We also find that in the time to apply the measurement operator, the FFT scales with image width $\sqrt{N}$ , and the contribution from the application of the gridding and degridding kernels that grows with M. This is expected from the two contributions $\mathcal{O}(M) $ and $\mathcal{O}(\alpha^2 N \log \alpha^2 N)$ for the interpolation and FFT, respectively. However, we expect that the application time is limited by the node with the most measurements. Also the varying kernel support sizes make it difficult to expect a clear relation for application time against the number of measurements.

4.2. Current implementation limitations

While we have shown performance improvements with this work, there are still limitations with the current implementation. We note that some of these limitations can be overcome. First, we pre-compute and store all of the kernels for use during image reconstruction. While this is fine for short snapshot observations, it requires a large amount of working memory and we expect that on-the-fly calculation methods proposed later in this work may prove useful (see Section 6). Second, this implementation is bottlenecked in working memory and CPU resources by the node with the w-stack that contains the largest number of gridding kernel coefficients.

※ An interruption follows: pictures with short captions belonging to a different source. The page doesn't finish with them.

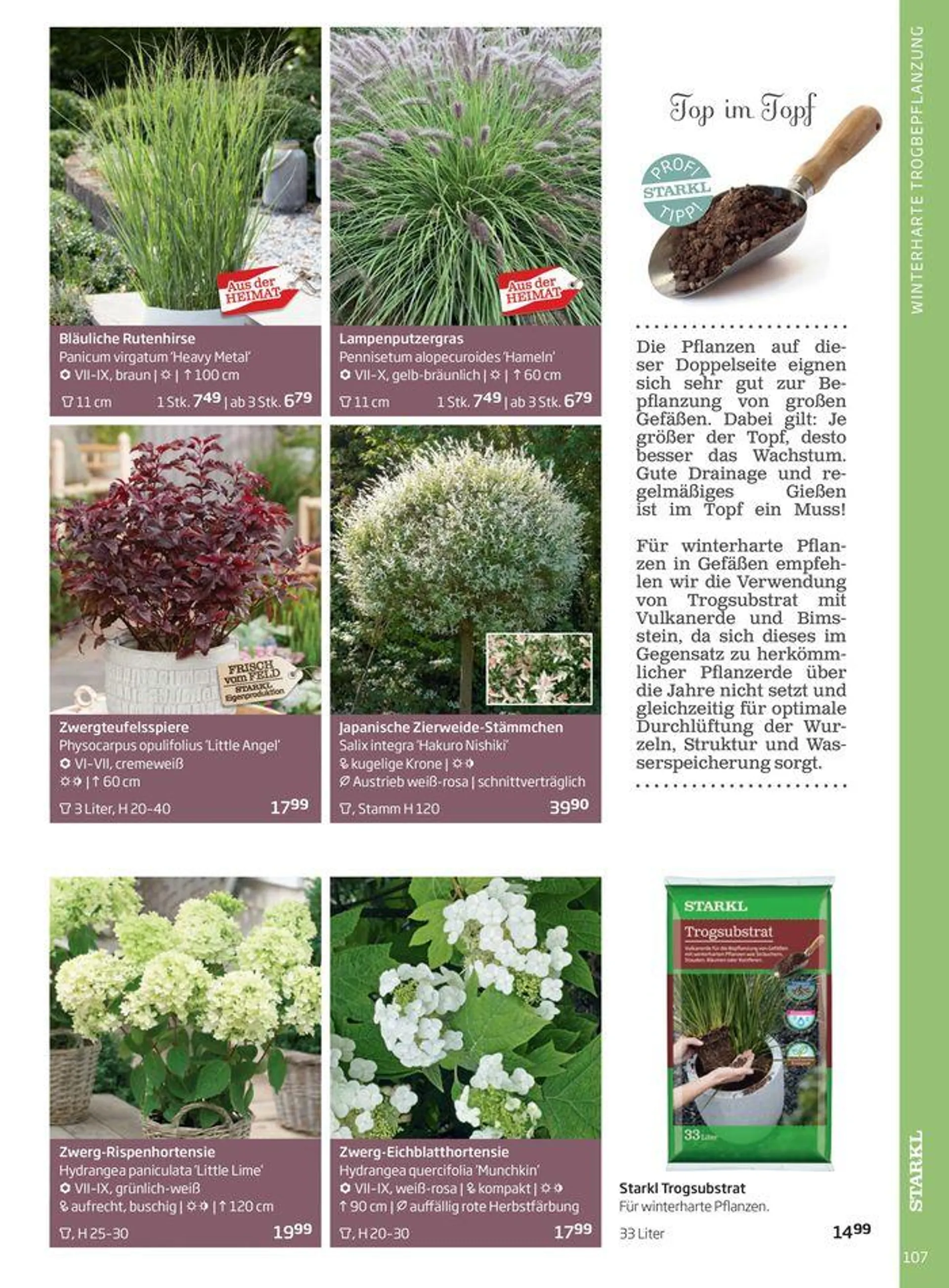 Gartencenter Jahreskatalog 2024 - 107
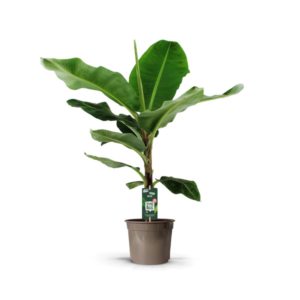 Bananenplant (Musa) -140 cm - Ø35cm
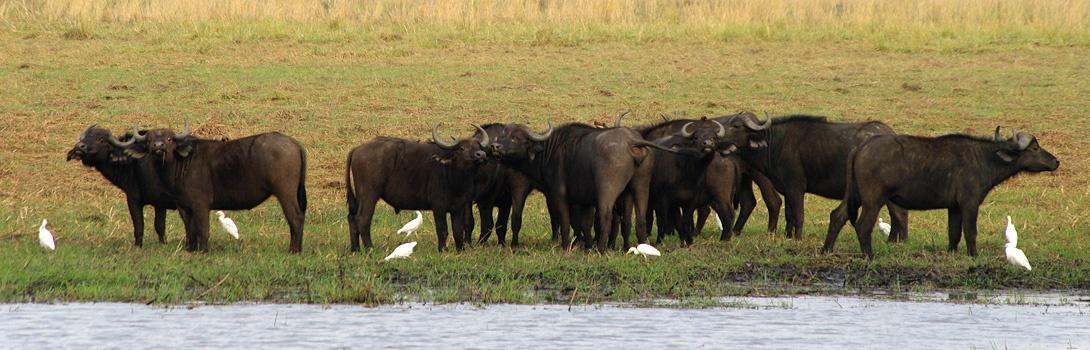 Buffalo in the Caprivi strip / Zambezi region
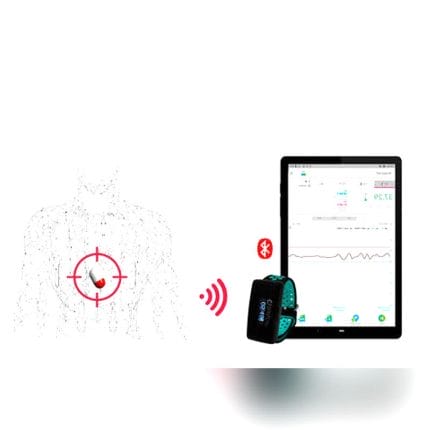 Temperature Monitoring Capsule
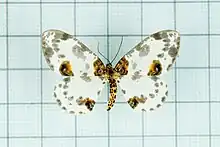 Abraxas illuminata.jpg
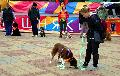 
062.JPG							
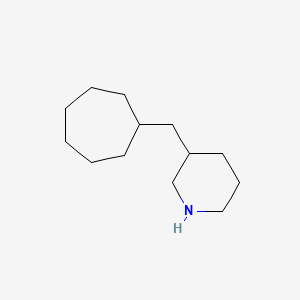 molecular formula C13H25N B13211225 3-(Cycloheptylmethyl)piperidine 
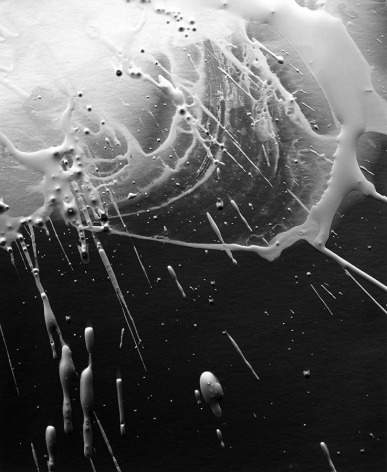 Ben Nixon  Afterglow, 2015  unique silver gelatin photogram  5h x 4w in   Framed: 17h x 14w in. a greyscale photogram with with droplets of a lighter liquid radiating from the top left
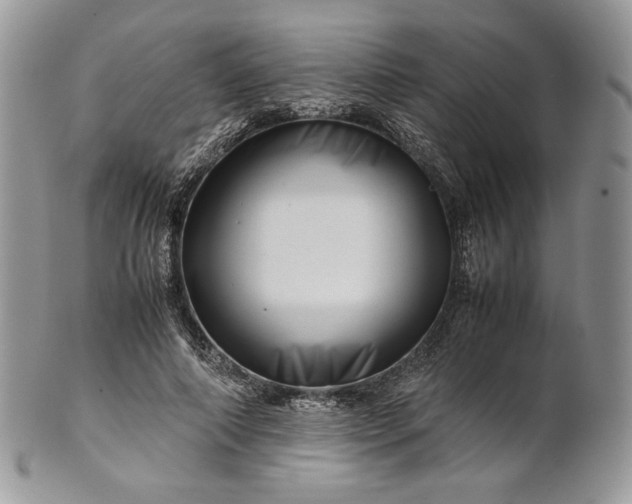 X0000101960690200808011108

5. Application to MWA observation of Fornax A

We use PURIFY (version 3.0.1, Pratley et al. Reference Pratley2019a) to perform wide-field image reconstruction of an observation of Fornax A taken with the MWA. The observation has a pointing centre of 03 $^\circ$ 22ʹ 41.7ʹʹ −37 $^\circ$ 12ʹ 30ʹʹ, and the integration time is 112 s. Fornax A was observed using XX and YY polarisations, with the visibilities transformed into Stokes I. The bandwidth was 30.72 MHz with a central frequency of 184.955 MHz and using 768 channels, which is a standard observational mode for the MWA (Ord et al. Reference Ord2015; Prabu et al. Reference Prabu2015). The data reduction, including flagging and calibration, is as per McKinley et al. (Reference McKinley2015).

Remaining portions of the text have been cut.